Luther defended his practice of infant baptism with 5 arguments.  1) Infants come to faith through the faith of those who perform the baptism. 2) Baptismal faith is powerful.  Luther said, “For the word of God is powerful enough when uttered to change even a godless heart, which is not less responsive than that of an infant.” 3) Children and adults alike receive faith passively. 4) Specific recall of the event is unnecessary. The people present remember and tell the story on your behalf until you believe. 5) The church has baptized children since its foundation, and they have been recognized as witnesses and martyrs, so why should God’s gift of baptism be denied them?   One of Lucas Cranach’s poignant portraits of Jesus’s blessing little children defended this final argument. “Let the children come unto me.”

Now you may be wondering, but how can water and words offer such powerful promise?  Light for life’s darkest valleys, consolation for one’s greatest sorrows, and strength for times of weakness?  Martin Luther once said, that baptism is a once-in- a- lifetime experience that takes our entire lives to fulfill.

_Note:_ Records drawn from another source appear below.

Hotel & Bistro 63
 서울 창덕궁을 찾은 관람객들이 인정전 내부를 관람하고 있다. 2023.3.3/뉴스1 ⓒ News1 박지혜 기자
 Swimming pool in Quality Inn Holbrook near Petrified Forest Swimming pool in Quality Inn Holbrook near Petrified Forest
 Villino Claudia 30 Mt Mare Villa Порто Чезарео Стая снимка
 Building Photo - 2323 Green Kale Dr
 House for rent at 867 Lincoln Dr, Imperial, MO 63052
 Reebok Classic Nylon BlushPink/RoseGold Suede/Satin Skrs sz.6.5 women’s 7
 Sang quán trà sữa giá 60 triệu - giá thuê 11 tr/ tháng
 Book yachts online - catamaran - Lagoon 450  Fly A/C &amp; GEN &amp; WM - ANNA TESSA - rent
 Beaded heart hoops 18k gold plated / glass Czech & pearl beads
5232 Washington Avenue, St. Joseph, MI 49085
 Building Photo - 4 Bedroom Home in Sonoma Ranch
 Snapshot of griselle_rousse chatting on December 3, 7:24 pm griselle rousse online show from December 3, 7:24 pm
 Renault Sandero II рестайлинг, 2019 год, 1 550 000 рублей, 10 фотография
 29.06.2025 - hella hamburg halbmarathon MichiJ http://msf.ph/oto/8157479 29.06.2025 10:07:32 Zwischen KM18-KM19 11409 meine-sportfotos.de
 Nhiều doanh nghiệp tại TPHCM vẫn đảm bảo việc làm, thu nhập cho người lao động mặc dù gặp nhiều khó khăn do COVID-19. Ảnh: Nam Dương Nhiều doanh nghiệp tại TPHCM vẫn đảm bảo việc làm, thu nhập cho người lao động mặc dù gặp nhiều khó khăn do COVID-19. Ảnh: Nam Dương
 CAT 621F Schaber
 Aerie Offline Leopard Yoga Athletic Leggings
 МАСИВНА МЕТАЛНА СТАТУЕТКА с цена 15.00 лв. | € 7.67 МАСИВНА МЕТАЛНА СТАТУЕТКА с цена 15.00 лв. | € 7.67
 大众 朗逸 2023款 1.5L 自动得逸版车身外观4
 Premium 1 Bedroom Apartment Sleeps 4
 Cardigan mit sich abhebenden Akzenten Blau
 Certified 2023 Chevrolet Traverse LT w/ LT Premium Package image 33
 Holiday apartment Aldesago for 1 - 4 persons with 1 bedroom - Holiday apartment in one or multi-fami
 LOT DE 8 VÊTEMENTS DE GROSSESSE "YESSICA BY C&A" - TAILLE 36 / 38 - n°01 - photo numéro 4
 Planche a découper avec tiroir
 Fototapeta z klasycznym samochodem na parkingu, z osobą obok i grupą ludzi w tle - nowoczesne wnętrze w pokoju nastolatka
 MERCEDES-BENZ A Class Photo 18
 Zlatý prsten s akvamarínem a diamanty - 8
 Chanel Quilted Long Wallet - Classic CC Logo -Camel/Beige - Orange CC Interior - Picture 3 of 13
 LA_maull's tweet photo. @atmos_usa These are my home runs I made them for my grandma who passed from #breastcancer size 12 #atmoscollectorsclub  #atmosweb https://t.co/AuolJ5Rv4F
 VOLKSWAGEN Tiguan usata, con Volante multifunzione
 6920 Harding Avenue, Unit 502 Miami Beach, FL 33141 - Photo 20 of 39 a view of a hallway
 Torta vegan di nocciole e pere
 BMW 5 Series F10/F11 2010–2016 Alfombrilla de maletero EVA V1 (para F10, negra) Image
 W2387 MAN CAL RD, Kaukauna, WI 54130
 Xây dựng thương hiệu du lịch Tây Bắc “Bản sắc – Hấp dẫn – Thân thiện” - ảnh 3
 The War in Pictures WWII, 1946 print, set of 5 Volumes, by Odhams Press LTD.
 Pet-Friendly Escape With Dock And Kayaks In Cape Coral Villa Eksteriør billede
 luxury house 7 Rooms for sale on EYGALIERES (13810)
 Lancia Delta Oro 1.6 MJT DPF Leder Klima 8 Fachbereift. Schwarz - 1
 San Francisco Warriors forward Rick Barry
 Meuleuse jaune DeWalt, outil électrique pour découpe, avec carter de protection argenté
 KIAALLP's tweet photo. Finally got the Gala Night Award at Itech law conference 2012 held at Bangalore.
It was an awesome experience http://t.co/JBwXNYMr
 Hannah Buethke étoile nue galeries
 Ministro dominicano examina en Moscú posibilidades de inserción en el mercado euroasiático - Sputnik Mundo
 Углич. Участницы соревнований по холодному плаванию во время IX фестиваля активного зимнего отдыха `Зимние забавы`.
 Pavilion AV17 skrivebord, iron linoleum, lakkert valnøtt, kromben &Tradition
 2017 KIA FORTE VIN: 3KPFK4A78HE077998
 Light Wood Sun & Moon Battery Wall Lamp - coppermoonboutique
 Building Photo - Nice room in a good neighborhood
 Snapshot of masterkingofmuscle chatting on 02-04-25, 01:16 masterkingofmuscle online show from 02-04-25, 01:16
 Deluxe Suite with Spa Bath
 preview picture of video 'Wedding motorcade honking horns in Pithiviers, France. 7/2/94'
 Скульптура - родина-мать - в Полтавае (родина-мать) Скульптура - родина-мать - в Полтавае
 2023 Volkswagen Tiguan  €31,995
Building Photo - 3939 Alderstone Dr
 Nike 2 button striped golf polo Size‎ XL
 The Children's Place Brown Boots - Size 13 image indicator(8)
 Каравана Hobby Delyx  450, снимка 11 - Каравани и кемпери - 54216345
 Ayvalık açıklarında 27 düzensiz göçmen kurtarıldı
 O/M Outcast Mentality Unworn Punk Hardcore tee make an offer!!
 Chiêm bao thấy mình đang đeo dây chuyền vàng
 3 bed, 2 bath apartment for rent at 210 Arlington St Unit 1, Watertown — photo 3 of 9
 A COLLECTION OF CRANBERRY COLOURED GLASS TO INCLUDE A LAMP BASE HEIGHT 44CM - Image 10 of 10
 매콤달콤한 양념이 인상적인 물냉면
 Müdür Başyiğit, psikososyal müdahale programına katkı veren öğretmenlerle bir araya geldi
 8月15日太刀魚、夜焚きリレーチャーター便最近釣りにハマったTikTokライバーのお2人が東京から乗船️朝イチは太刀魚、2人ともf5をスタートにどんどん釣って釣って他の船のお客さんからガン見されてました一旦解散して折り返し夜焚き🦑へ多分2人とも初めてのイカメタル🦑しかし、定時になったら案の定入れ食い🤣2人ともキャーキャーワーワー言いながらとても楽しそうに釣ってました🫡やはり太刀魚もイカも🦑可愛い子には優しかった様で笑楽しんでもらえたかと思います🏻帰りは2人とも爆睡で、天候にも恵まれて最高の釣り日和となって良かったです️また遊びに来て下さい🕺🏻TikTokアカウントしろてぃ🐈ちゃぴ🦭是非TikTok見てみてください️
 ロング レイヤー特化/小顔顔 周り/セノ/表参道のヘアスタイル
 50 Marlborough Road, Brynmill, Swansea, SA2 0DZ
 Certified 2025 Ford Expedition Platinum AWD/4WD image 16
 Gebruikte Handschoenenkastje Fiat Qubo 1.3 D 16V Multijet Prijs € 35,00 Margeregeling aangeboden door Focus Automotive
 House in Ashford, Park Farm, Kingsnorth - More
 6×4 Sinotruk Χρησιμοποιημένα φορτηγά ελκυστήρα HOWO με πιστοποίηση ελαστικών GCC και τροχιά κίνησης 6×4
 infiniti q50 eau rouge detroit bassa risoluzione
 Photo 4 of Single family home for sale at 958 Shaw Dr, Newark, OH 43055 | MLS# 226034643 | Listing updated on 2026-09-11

It goes hand in hand with the words, “I am baptized.” Your assurance is nurtured and strengthened by the Holy Spirit throughout your lifetime through the study of scripture and through a life of prayer.  Baptism is not simply a one time, magical act which prevents all harm from drawing near.  Baptism is the beginning of a new life which leads to salvation, and is remembered every time you wash and recall God’s word.  Yes, the assurance of God’s promise begins every time you recall the words, “I am baptized.”

May the peace of God which passes all understanding keep your hearts and minds in Christ Jesus. Amen.